To ensure that the cells were healthy before performing the bioactivity assays and the tested concentrations were not toxic to the cells, cell viability after treatment with various concentrations of the MSE was determined. The concentrations of the MSE that yielded cell viability higher than 80% were the main aim of this experiment. The RAW 264.7 cell viability slightly decreased with increasing the concentration of the MSE from 10 to 150 µg/ml (Figure 2). Identifying the concentrations of the MSE that yielded cell viability higher than 80%, it was found to be in the range of 10 to 40 µg/ml and the concentrations of the MSE selected for subsequent studies were 20 and 40 µg/ml. Oxyresveratrol was included in this study as the marker of the MSE. An equivalent amount of oxyresveratrol in each concentration of the extract tested (for example, equivalent amount of oxyresveratrol in the extract 100 µg/ml was 17 µg/ml) was also evaluated for the effect on cell viability. The results were shown to be similar to those observed in the MSE-treated cells (Figure 2). The anti-inflammatory effects of oxyresveratrol were also confirmed in subsequent studies, in which the selected concentrations of oxyresveratrol were 5 and 10 µg/ml.

Figure 2: The percentage viability of RAW 264.7 cells which was untreated (negative control), treated with only 100 ng/ml LPS (positive control), and treated with various concentrations of MSE and oxyresveratrol in the presence of 100 ng/ml LPS for 24 h.

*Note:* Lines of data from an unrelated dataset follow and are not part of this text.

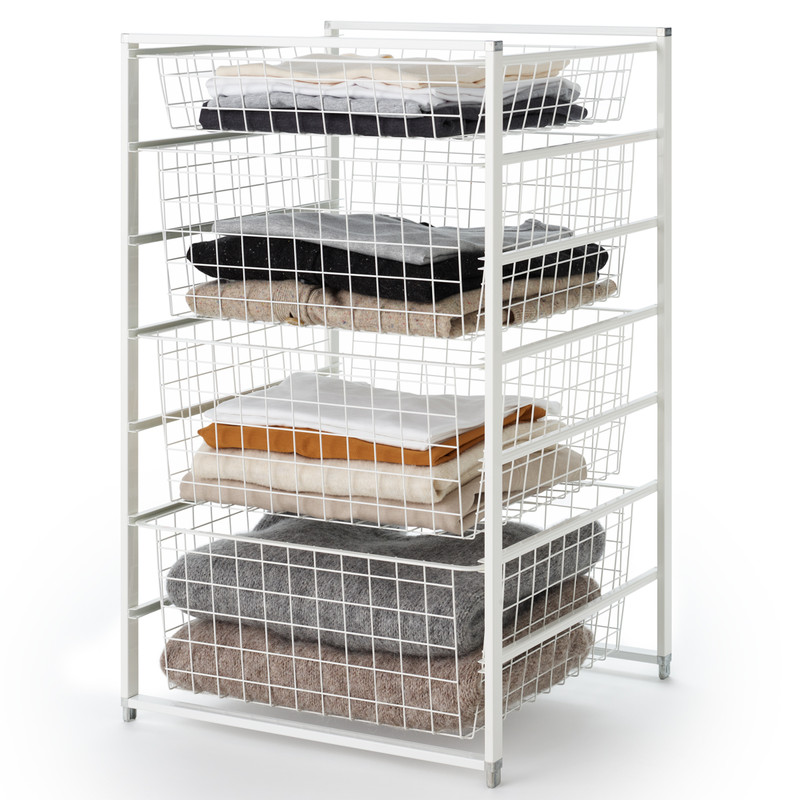Elfa 4-Drawer System White Wire
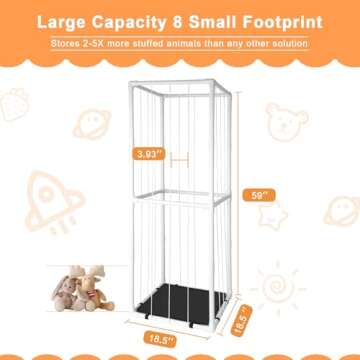 Extra Large Stuffed Animal Storage for Corner Organizer,Premium PVC Material with Elastic Cord Hold Up to 150 Plush Toys,Stuffed Zoo Animal Holder and Collection for Playroom-Birthday Gift for Nursery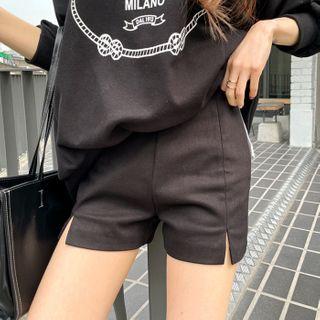 High-rise Slit-hem Shorts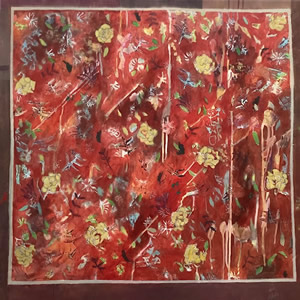 Yellow Roses Red Bird Painting – Art Gallery of Hampton London Artist Jennifer Brown.jpg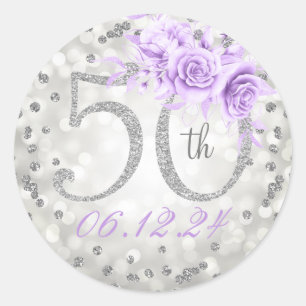 Sticker Rond Floral 50e anniversaire fête éclaire l'argent viol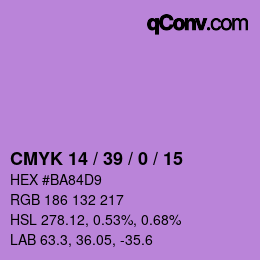 カラーコード: CMYK 14 / 39 / 0 / 15 | qconv.com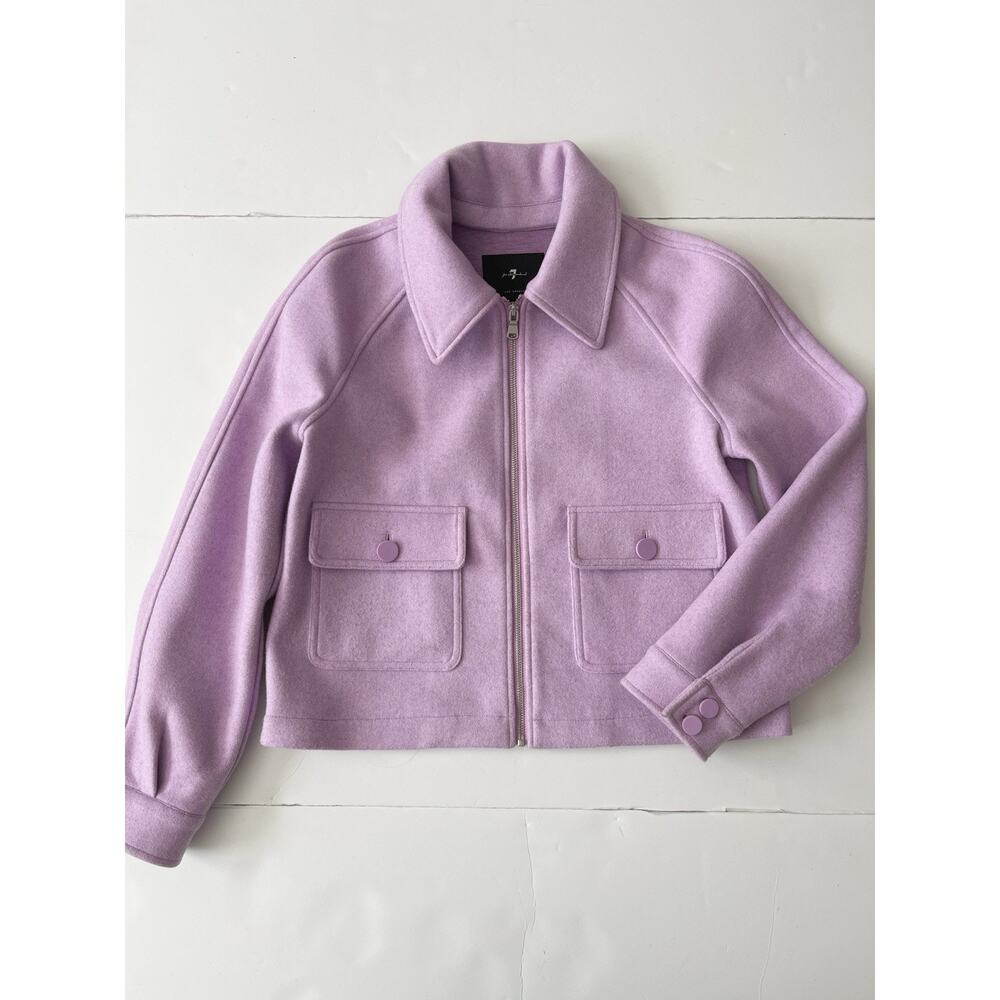 7 For All Mankind Cropped Coat Jacket Women S Purple Pockets Soft Cozy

The viability of cells was determined by MTT assay. The data were represented as means ± SD of three independent experiments.
3.4. Anti-Inflammatory Activity of the MSE

M. alba extract has been demonstrated to exhibit anti-inflammatory activity, through the inhibition of iNOS, NO, and COX [1015]. However, most of the extract tested was prepared from leaves [10, 11, 14] and root bark [12, 13, 15]. In our study, anti-inflammation activity of the extract prepared from mulberry stems was investigated.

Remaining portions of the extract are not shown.